Sílvio Fiorani: Meu tipo inesquecível


Há alguns escritores com o qual nos identificamos desde o início. No caso de Sílvio Fiorani, me chamou a atenção já em uma primeira leitura a sua maneira simples, mas tocante de construir sua ficção. Mais do que isso, apesar de aprendermos a separar o caráter biográfico e referencial dos autores na sua prosa, é inegável a influência que ele carrega, fato que se expressa vivamente em suas obras. Sílvio Fiorani assim como eu, é um oriundi, de família ítalo-brasileira e nasceu aqui no norte do estado de São Paulo, bem próximo de minha cidade, o que o faz caipira como eu também. Não pude deixar de me ver em suas obras, em especial no romance, e me sinto honrado em publicar hoje em meu blog um conto escrito por esse brilhante artista, vencedor do Prêmio Machado de Assis, da Biblioteca Nacional, em 2006, pelo romance “Investigação sobre Ariel”
Apresento a quem ainda não conhece, o Sr.

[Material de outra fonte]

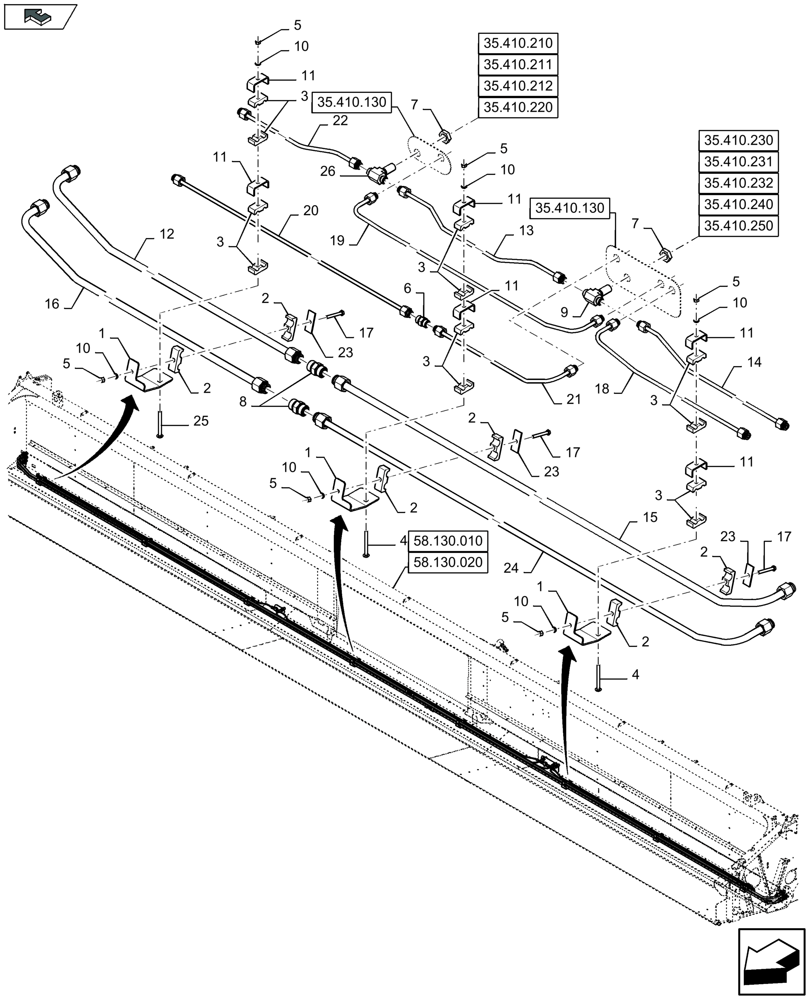 Схема запчастей Case IH 3050-20FT - (35.410.120) - HYDRAULIC TUBES, BOTTOM BEAM (35) - HYDRAULIC SYSTEMS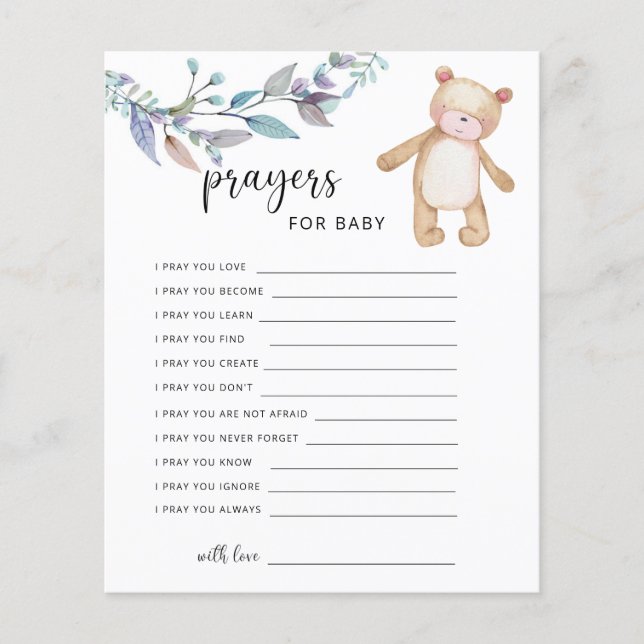 Lámina Oso pequeño - oraciones para el bebé (Anverso)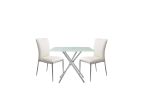 3 Pieces 36" Inch Contemporary Elegance Squared Dining Set In Soft White - as Pic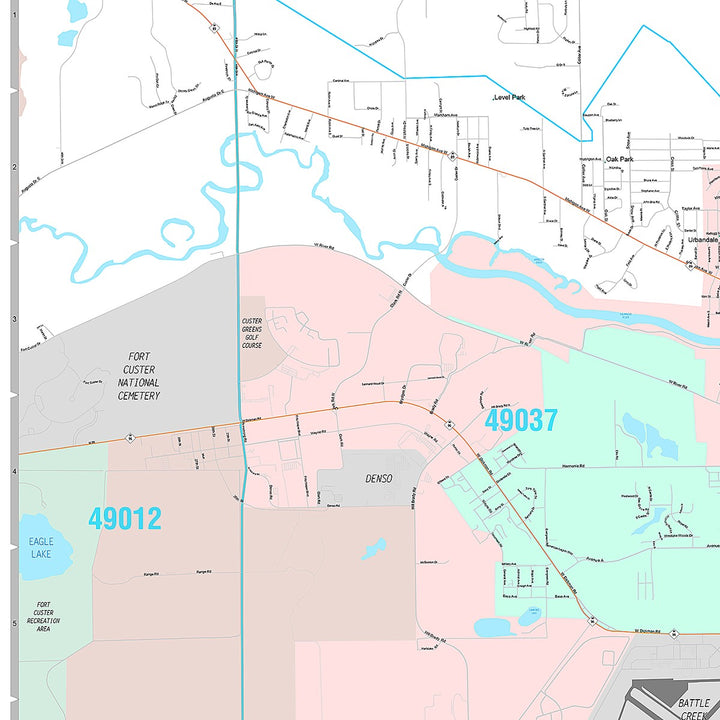 Premium Style Wall Map of Battle Creek, MI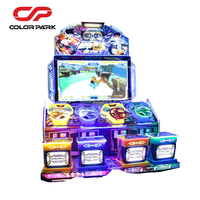 Machine de jeu d'arcade de course automobile colorée pour 4 joueurs, nouvelle et tendance, à pièces, pour enfants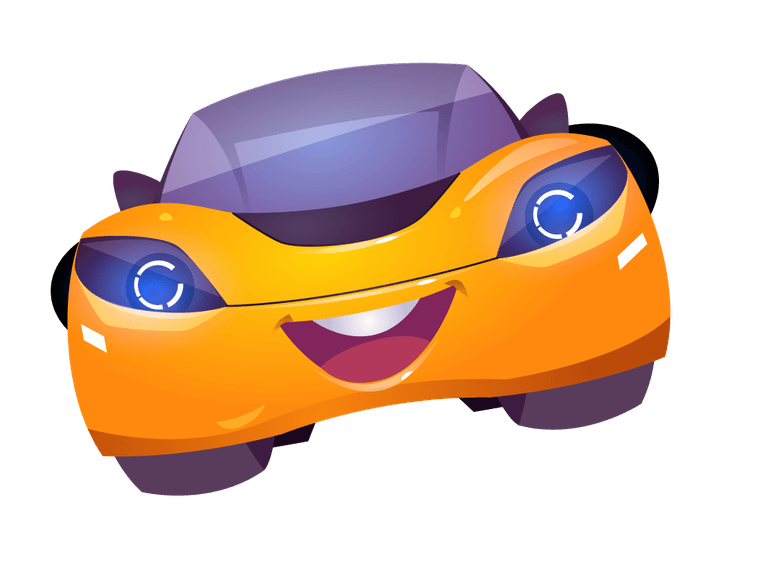 cartoon car character express happy sad emotions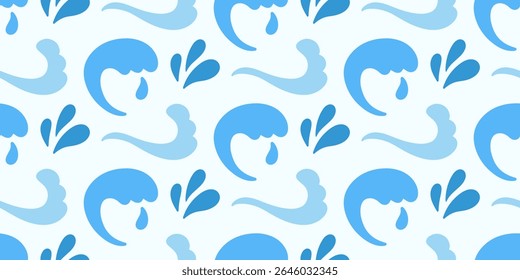 Abstract ocean waves seamless pattern. Japanese, Chinese traditional ornament blue background. Vector illustration Summer tropical sea beach style. Fashion nautical vintage textile fabric design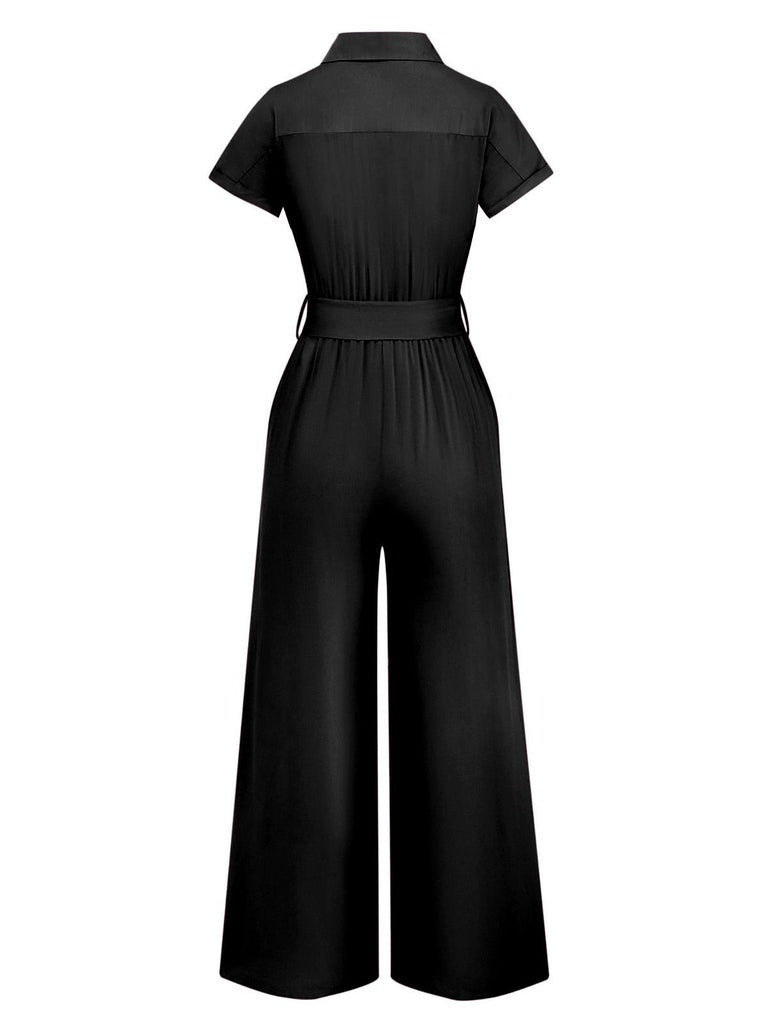1930s Solid Lapel Button Belted Cargo Jumpsuit - vintage jumpsuit, retro fashion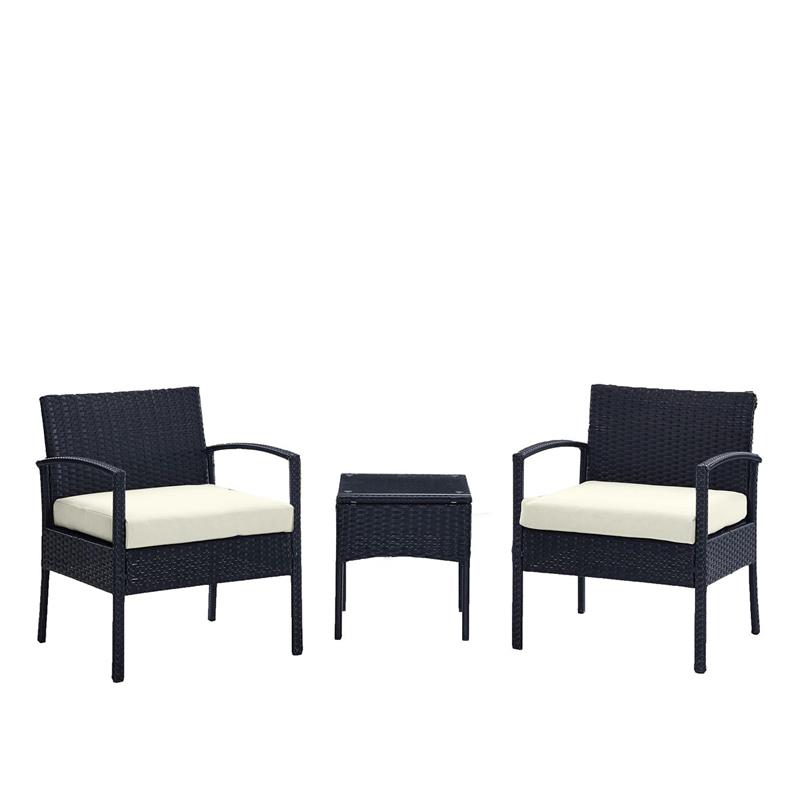 Manhattan Comfort Noli 3-Piece Rattan Patio Conversation Set in Gray/Cream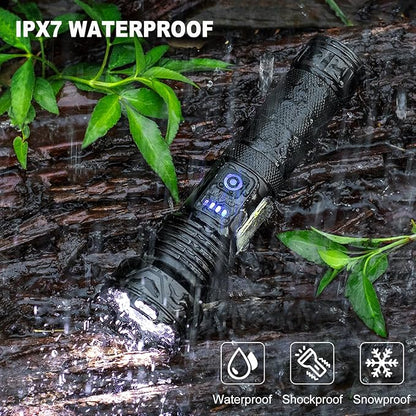 Rechargeable Flashlights High Lumens, 990,000 Lumen Super Bright Powerful Flashlight with 7 Modes, Waterproof Led Flash Light for Home Camping Hiking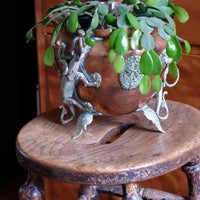 Antique Victorian Elm Stool With Oval Top And Turned Legs Circa 1860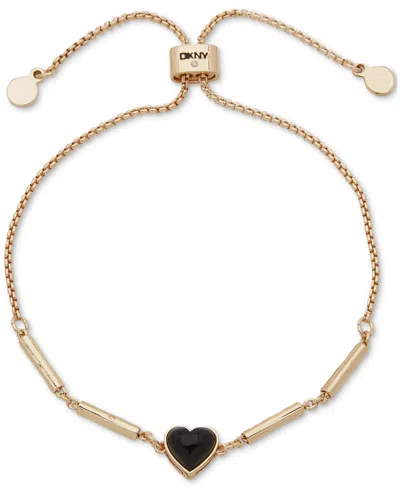 Dkny Heart Stone Slider Bracelet In Black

Sílvio Fiorani:

Meu tipo inesquecível

"Faz tempo que eu quero escrever para a senhora, mas o pessoal aqui de casa não deixa, todos acham que é uma tolice, uma loucura, uma loucura, dizem isso mesmo. Escrever para uma pessoa da televisão, ridículo. Seriam capazes de não me deixar ir ao correio pôr esta carta, seriam capazes não, não me deixariam mesmo, esta a verdade, pois dizem isso claramente e eu tenho que ficar calada, me conformar, prometer que não vou botar carta nenhuma no correio, com medo que eles me tirem a televisão, assim fico sem ver o seu programa que é a maior alegria que eu tenho nesta vida, sendo o seu o único programa que eu vejo sozinha, sem ninguém pra atrapalhar, pois de tarde está todo mundo trabalhando e eu apresso minhas tarefas, sou uma velha que não serve senão para limpar a casa, para eles sujarem de noite, para eu limpar no dia seguinte, e assim para todo o sempre, eternamente até que eu morra, ai vão sentir minha falta, aí sim é que eu vou querer ver, mas como estava dizendo, eu apresso minhas tarefas para ter a tarde livre, para sossegadamente ver o seu programa que a senhora não sabe tem sido de muita valia para mim, meu refrigério, uma grande consolação, é como se a senhora fosse minha amiga de verdade, minha amiga a senhora sempre diz, os seus conselhos são os conselhos que eu sempre quis ouvir, como a senhora sabe compreender as mulheres e os velhos, os idosos como a senhora sempre diz, como a senhora sabe compreender as crianças, e as moças solteiras desnorteadas, e as mal casadas, e as outras, e as domésticas, os paralíticos, os bêbados, bem, estou dizendo tudo isso que é claro como o dia e estou deixando de lado o principal, a verdadeira razão desta carta que eu tanto quis escrever e pôr no correio sem que eles soubessem, porque a grande razão destas linhas, o principal de tudo mesmo é que eu vejo a senhora todos os dias, sem faltar um programa, não tiro os olhos da televisão por nada deste mundo, me caia a casa em cima, caia o mundo, digo mais uma vez, não tiro os olhos da senhora um instante, vejo a senhora todo santo dia, e agora queria muito, mas muito mesmo saber, isto é muito importante para mim, pode dizer a verdade, seja franca como só a senhora sabe ser, eu vejo a senhora todos os dias, e a senhora?, pode dizer francamente, a senhora me vê?"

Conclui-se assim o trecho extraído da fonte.